As we make up the majority of people in their 20’s, we’ve lived quite a life already. We’ve existed during two centuries and three decades. We saw the creation of the Internet, elected the first black president, and got unlimited access to free music. But really, the most important aspect of our survival as 20-somethings is the age-long debate of: NSYNC or Backstreet Boys?
Mary Kate was definitely the better twin.
The number of Hit Clips you owned directly correlated to how cool you were.
You would date Joey, marry Chandler, and kill Ross.
Britney Spears & Justin Timberlake’s breakup felt like a personal attack.
You pretended your future from MASH didn’t matter, but it secretly made you mad if you ended up without your crush.
The book fair at school was undoubtedly the best school day of the year.
John Stamos was (and still is) one of the most beautiful men alive.
It was a tragedy when the slap bracelets got banned from school.
The reason you started reading was to find out what happened to Harry Potter.
Of all the Lunchables, pizza was the best.
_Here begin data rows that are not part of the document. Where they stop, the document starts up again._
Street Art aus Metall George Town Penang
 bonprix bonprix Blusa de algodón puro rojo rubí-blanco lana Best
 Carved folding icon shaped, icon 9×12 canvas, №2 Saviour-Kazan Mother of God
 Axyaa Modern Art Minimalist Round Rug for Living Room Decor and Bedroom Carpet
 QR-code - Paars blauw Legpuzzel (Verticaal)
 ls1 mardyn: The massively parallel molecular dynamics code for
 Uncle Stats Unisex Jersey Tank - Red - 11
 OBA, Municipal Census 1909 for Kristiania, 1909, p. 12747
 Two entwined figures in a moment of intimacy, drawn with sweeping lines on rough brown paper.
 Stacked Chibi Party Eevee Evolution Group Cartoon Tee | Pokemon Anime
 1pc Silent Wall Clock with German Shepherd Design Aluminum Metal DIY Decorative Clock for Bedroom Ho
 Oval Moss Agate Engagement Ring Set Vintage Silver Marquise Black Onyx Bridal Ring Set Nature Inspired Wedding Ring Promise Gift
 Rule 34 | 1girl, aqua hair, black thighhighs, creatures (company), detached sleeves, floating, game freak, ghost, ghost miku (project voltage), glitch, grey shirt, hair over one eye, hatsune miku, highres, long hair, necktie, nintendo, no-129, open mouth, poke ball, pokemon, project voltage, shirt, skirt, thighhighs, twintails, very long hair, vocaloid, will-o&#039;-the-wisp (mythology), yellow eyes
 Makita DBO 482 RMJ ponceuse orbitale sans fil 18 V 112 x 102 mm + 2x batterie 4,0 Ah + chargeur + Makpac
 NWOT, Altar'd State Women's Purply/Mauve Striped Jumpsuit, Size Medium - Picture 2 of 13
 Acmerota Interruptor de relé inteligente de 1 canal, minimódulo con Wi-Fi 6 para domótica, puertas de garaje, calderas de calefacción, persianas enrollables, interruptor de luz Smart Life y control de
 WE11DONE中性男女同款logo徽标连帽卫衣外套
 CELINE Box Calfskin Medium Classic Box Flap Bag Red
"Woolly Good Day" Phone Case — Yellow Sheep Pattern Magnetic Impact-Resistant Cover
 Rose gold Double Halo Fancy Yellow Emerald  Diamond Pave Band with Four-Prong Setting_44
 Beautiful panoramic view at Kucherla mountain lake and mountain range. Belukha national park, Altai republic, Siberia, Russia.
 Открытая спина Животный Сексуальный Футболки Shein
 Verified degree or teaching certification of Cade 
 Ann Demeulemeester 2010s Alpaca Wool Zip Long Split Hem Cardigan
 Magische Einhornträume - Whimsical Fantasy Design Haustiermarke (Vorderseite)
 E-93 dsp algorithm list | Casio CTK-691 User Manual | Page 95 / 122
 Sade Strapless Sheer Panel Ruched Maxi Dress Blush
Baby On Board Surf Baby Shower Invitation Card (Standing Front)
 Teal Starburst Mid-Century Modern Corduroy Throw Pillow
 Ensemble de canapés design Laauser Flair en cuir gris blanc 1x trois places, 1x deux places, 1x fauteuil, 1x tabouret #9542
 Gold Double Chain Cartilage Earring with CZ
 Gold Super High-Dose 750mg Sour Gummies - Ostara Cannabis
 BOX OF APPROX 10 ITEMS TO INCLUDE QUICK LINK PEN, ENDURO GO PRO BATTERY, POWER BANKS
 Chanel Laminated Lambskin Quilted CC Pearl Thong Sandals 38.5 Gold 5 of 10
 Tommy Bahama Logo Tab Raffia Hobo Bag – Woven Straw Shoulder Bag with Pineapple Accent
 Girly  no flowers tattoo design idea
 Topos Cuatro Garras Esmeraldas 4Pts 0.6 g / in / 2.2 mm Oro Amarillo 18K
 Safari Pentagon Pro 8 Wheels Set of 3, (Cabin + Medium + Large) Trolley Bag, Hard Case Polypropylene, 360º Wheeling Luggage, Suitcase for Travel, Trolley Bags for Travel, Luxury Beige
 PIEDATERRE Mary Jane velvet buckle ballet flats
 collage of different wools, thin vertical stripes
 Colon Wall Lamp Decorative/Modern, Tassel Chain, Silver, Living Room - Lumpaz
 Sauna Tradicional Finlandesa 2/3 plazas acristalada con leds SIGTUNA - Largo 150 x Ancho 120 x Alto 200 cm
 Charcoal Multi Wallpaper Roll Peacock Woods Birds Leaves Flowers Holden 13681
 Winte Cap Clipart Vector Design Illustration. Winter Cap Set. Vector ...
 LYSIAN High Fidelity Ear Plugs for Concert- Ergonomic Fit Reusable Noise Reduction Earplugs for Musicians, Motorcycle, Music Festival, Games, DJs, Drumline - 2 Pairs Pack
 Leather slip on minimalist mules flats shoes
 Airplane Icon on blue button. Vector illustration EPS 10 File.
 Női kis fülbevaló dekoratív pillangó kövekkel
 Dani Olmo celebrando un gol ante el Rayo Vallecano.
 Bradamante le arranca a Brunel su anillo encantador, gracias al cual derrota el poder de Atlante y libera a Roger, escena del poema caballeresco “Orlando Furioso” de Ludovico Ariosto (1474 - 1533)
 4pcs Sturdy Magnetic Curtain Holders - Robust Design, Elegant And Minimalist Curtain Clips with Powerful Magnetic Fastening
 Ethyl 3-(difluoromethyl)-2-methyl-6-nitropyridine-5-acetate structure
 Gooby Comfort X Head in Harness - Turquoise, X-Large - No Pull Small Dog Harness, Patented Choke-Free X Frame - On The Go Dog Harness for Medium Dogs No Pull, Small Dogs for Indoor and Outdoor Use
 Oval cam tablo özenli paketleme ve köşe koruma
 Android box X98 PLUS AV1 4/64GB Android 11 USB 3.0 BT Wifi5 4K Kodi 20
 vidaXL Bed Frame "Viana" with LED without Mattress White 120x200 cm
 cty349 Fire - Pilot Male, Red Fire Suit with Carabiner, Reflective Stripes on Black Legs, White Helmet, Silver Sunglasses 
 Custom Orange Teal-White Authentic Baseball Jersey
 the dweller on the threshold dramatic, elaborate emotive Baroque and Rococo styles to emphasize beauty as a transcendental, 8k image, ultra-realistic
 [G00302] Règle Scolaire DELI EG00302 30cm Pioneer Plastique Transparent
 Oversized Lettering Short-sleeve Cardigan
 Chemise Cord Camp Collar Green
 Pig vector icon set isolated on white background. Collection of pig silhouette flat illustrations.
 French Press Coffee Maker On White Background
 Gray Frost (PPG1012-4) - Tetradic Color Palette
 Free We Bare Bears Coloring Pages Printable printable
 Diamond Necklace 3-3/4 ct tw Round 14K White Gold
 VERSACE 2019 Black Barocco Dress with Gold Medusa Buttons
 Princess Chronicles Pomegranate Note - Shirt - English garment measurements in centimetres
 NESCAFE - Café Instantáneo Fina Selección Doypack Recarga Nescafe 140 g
You wanted to be Britney Spears for Halloween every year but your mom never allowed it (something about "inappropriate").
Goosebumps was way too scary to be considered a children’s book.
Aaron Carter was, and always will be, way better than Justin Bieber.
“Mean Girls” was your first big girls night out (and your mom probably was in the back row of the theater watching you the whole time).
Most fights consisted of which was better: Barbie or Polly Pocket?
The food you made in your Easy Bake Oven was probably more edible, and better for you, than half the things you consume now.
You still watch your favorite Disney movie after every scary movie to calm down.
Juicy Couture sweatsuits were the epitome of cool.
You felt fancy as hell when you got to drink sparkling cider on New Year’s.
Friendships have ended over who was most likely to date Troy Bolton.
You’re still wishing that you could be the sixth Spice Girl.
Your first ride (and the most stylish to date) was your Barbie Lamborghini.
For some reason you thought that Bear Paw clogs were stylish. They, in fact, were not.